Yes, the authors have addressed the limitations of the work.

最终评判理由

The authors have addressed my concerns in the rebuttal. Considering also the comments of other reviewers, I keep the score at 4.

格式问题

I see no major formatting concerns apart from the unusual choice to put the figure before the abstract.

作者回复

We are deeply grateful for the reviewer's positive assessment of our work, particularly immediate applications of our method, consistently strong performance across diverse tasks, and conceptually intuitive design. Below we provide comprehensive answers to the reviewer's questions.

Q1: It is not surprising that video models outperform image model on controllable image generation tasks.

A1: We fully agree with the reviewer's perspective that video priors would significantly improve controllable image generation. Through our carefully designed mixup strategy, attention masking strategy, and FSPE, we have successfully transformed this intuitive concept into practical algorithms. The effectiveness of our method has been thoroughly validated through extensive experiments including comparative studies, ablation experiments, and qualitative evaluations on 7 different tasks.

While the idea of using video priors to enhance controllable image generation may appear straightforward, we would like to clarify that effectively activating a model's prior knowledge for new tasks remains an important, challenging, and widely studied problem in computer vision research. This challenge has become particularly prominent given the abundance of powerful open-source models available in the community, making the alignment of pre-trained models to desired outcomes a highly active research area. Representative works in this direction include ControlNet [1], which leverages the priors of text-to-image generative models combined with external perceptual control conditions to accomplish new tasks, and CLIP [2], whose prior knowledge has been widely applied to image retrieval and semantic matching tasks, among others.

In our work, the key research focus has been on how to effectively activate video priors. As detailed in Section 3.2 of our paper, directly applying simple fine-tuning of T2V or I2V models leads to significant issues, either in terms of poor subject consistency or weak prompt adherence (the quantitative experimental results are presented in Table 3 of our paper). To address these challenges in utilizing video priors, we proposed the mixup strategy that transforms the image generation problem into a very short video generation task through constructed transition frames. Simultaneously, we incorporated the attention masking strategy to ensure proper information interaction and FSPE to reduce the number of required transition frames, ultimately enhancing our method's performance. The significance of our work lies in its ability to effectively harness the inherent yet previously difficult-to-utilize prior knowledge in video models.

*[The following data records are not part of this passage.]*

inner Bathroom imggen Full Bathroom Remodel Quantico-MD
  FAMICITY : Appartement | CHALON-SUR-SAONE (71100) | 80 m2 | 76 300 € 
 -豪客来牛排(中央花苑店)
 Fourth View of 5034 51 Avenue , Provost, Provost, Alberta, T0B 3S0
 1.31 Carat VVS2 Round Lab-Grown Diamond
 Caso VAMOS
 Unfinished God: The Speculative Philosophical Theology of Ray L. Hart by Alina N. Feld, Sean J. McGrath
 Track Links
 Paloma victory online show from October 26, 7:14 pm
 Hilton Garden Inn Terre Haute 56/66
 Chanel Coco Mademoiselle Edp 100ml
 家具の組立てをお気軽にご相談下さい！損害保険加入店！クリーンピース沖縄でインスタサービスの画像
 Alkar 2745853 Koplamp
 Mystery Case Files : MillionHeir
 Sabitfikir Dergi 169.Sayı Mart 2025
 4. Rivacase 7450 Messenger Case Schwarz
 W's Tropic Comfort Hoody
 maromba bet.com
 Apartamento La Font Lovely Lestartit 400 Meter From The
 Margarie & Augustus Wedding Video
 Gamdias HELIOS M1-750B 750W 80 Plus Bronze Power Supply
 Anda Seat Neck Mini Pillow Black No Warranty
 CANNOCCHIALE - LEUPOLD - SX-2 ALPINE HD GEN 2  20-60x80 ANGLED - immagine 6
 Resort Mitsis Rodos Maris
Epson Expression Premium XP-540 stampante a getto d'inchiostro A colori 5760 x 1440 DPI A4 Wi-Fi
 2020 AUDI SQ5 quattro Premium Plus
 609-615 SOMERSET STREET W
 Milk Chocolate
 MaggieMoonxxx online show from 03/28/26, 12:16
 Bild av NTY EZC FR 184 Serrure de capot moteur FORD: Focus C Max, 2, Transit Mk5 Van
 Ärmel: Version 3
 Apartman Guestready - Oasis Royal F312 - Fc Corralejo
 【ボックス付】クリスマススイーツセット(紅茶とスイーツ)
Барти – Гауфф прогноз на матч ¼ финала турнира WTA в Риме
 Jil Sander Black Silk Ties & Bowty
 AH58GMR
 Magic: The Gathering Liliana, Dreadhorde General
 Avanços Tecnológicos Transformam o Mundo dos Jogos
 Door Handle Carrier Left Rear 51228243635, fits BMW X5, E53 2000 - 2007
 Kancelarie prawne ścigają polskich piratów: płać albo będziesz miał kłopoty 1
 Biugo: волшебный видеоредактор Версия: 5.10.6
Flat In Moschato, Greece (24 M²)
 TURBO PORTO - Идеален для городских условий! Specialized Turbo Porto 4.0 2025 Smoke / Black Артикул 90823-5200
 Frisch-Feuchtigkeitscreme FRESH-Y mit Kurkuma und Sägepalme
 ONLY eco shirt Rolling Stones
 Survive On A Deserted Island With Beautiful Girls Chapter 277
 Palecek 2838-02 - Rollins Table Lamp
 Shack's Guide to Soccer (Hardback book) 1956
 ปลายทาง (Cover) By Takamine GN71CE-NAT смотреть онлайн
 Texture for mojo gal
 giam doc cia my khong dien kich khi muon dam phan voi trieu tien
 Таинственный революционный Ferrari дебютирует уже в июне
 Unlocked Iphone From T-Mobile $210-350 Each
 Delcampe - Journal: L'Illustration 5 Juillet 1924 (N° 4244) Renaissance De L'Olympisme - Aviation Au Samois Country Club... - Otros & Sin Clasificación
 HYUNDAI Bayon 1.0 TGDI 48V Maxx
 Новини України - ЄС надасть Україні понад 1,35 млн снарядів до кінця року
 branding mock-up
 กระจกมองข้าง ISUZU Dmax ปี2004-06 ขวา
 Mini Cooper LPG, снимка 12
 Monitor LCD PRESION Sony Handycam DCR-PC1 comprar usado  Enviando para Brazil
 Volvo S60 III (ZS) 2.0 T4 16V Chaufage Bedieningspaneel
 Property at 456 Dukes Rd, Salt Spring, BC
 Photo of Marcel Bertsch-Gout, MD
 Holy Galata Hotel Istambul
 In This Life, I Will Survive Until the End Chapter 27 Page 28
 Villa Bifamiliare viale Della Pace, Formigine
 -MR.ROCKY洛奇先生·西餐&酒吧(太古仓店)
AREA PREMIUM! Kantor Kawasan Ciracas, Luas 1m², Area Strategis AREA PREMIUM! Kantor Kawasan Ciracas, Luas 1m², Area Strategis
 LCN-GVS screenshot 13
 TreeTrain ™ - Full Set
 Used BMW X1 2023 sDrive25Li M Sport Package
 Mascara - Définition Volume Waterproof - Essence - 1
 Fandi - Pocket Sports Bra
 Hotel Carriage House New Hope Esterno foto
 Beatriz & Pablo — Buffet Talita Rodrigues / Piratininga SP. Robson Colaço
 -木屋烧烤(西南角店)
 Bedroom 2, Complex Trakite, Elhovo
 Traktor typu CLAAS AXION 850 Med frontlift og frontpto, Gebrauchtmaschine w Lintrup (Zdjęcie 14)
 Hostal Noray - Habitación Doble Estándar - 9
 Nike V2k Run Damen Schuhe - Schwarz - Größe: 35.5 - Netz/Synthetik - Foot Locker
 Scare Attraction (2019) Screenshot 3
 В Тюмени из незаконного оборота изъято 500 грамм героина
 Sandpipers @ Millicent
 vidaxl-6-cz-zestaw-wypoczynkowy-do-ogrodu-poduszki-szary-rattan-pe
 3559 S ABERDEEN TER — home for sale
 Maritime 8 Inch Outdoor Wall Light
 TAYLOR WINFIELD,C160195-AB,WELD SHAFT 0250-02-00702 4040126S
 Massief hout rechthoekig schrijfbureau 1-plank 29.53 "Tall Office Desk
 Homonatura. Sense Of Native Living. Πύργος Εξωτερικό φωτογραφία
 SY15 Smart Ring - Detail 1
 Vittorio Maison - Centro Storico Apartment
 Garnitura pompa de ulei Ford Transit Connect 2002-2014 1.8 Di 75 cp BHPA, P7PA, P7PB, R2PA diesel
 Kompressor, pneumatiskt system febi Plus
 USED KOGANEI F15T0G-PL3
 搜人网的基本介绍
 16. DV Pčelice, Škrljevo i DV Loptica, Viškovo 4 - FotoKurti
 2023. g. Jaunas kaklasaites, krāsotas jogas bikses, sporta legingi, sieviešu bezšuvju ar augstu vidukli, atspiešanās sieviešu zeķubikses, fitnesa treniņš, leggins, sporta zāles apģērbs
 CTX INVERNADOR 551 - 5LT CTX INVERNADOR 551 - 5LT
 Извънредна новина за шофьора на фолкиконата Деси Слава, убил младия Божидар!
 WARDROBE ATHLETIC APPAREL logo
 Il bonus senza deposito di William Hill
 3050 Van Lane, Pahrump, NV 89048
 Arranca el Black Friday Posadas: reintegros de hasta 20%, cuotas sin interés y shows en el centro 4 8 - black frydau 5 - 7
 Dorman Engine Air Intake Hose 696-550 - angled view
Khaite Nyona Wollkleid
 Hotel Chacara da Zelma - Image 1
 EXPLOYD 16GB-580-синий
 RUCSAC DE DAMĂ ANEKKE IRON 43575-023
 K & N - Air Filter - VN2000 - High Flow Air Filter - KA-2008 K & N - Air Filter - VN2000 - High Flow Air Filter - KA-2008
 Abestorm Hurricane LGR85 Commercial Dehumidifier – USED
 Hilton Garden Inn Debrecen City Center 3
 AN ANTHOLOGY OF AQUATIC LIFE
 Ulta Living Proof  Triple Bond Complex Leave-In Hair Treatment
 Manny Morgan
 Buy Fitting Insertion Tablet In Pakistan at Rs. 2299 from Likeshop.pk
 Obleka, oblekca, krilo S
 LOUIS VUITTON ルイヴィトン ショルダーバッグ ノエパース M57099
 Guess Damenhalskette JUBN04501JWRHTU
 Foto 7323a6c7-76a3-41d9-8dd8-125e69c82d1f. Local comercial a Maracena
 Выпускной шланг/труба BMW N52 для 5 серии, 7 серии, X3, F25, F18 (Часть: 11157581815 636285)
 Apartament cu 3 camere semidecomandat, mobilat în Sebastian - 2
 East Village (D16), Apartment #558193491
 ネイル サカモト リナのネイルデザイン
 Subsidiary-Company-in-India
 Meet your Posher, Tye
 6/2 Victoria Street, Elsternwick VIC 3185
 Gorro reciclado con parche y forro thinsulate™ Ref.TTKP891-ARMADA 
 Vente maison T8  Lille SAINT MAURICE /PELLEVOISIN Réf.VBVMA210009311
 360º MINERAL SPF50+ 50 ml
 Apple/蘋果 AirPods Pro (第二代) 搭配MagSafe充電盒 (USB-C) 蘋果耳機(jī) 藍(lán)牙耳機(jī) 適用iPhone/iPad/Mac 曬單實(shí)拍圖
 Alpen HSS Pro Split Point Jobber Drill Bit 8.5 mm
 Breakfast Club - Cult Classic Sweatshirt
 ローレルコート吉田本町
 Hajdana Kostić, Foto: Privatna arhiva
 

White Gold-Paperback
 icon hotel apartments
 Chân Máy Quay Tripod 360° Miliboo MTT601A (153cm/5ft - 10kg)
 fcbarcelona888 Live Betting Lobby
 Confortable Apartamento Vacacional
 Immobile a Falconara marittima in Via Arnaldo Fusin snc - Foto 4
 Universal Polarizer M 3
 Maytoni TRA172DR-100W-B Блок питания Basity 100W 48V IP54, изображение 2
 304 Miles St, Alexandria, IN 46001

Q2: Our method does not have many novel technical contributions.

A2: We sincerely apologize for any confusion caused and will provide clarification on this matter. Our main technical contributions are summarized below.

  1. Mixup strategy. Inspired by our observation that video generation models often transition between scenes using fade-in-fade-out effects, we propose a mixup strategy to construct transition frames, naturally transforming the controllable image generation task into a short video generation problem. To the best of our knowledge, we are the first to apply video models to controllable image generation via this mixup approach.

  2. Novel attention masking strategy. To enhance the model's understanding of the condition image content, DRA-Ctrl occasionally incorporates condition image prompts. To ensure proper information flow, we introduce a novel attention masking strategy.

  3. Frame Skip Position Embedding (FSPE). To reduce the number of required transition frames and improve efficiency, we propose FSPE, which enables a small number of frames to simulate longer sequences, achieving smooth transitions from the condition image to the target image.

  4. VL score. For more accurate evaluation in subject-driven image generation tasks, we design a new metric leveraging powerful vision-language models.

Q3: Some minor grammatical and stylistic issues.

A3: We sincerely appreciate the reviewer's careful review, and we will address these grammatical and stylistic issues in the revised version.

[1] Zhang, L., Rao, A., & Agrawala, M. (2023). Adding conditional control to text-to-image diffusion models. In Proceedings of the IEEE/CVF international conference on computer vision (pp. 3836-3847).

[2] Radford, A., Kim, J. W., Hallacy, C., Ramesh, A., Goh, G., Agarwal, S., ... & Sutskever, I. (2021, July). Learning transferable visual models from natural language supervision. In International conference on machine learning (pp. 8748-8763). PmLR.

评论

I invite the reviewer to engage in the rebuttal discussion following author responses.

评论

Thank you for your response. The rebuttal has addressed some of my concerns.

评论

Dear Reviewer 1JJJ

We are pleased to know that our responses have addressed your concerns. We are grateful for your precious time and constructive feedback.

Best,

DRA-Ctrl Authors

审稿意见
4

The paper proposes a shift for the video generation models to use them for controllable image generation. In the paper, the framework, DRA-Ctrl, is proposed for task adaptation and knowledge compression. DRA-Ctrl employs two strategies: 1. Mixup-based transition to bridge the gap between videos and images and 2. Frame-Skip Position Embedding to allow large image transformations without generating many intermediate results. DRA-Ctrl is evaluated on various controllable image generation tasks such as subject-driven generation, style transferring, spatial-aligned controllable generation. The proposed model uses HunyuanVideo-I2V as backbone model.

优缺点分析

Strengths:

  1. Writing is clear and the flow is easy to follow.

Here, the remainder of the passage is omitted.